• Task brief
Somewhere below are a line with "girl with long" and a later line with "Composition abstraite de". Output exactly those lines and all lines between them.

• The records

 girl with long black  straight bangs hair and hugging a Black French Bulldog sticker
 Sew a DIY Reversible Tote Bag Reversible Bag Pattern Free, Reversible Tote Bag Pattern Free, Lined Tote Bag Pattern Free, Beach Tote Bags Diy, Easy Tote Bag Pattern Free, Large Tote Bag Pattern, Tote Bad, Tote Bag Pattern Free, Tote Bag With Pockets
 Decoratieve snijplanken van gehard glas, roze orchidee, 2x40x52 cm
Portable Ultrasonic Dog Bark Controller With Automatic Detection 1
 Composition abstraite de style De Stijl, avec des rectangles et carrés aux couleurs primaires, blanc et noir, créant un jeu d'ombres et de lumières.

* * *

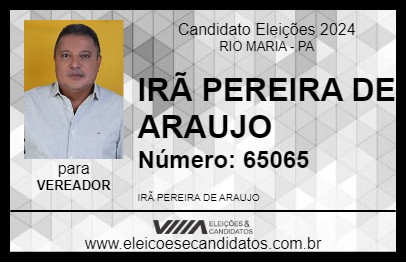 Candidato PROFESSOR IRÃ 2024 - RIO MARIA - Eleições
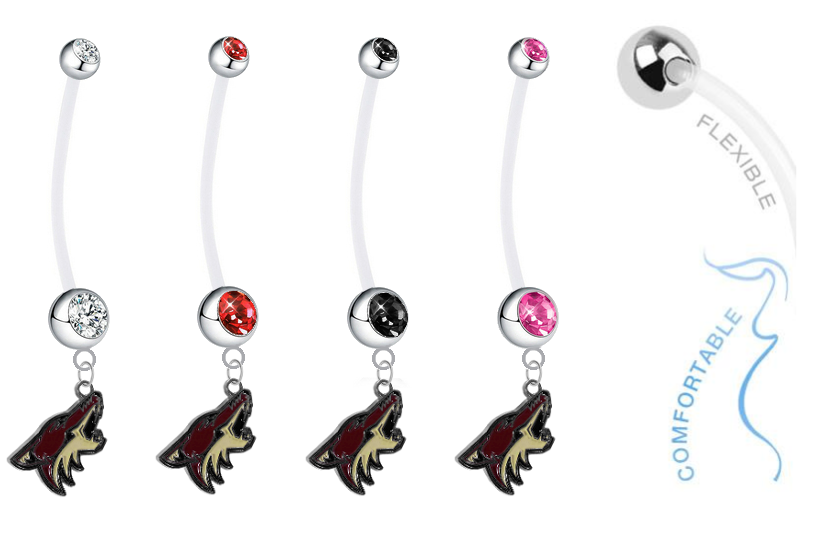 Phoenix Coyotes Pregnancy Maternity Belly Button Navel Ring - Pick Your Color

--

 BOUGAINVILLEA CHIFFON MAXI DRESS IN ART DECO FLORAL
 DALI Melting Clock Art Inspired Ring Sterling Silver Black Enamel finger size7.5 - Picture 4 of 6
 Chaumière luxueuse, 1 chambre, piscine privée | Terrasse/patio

• Response area
 girl with long black  straight bangs hair and hugging a Black French Bulldog sticker
 Sew a DIY Reversible Tote Bag Reversible Bag Pattern Free, Reversible Tote Bag Pattern Free, Lined Tote Bag Pattern Free, Beach Tote Bags Diy, Easy Tote Bag Pattern Free, Large Tote Bag Pattern, Tote Bad, Tote Bag Pattern Free, Tote Bag With Pockets
 Decoratieve snijplanken van gehard glas, roze orchidee, 2x40x52 cm
Portable Ultrasonic Dog Bark Controller With Automatic Detection 1
 Composition abstraite de style De Stijl, avec des rectangles et carrés aux couleurs primaires, blanc et noir, créant un jeu d'ombres et de lumières.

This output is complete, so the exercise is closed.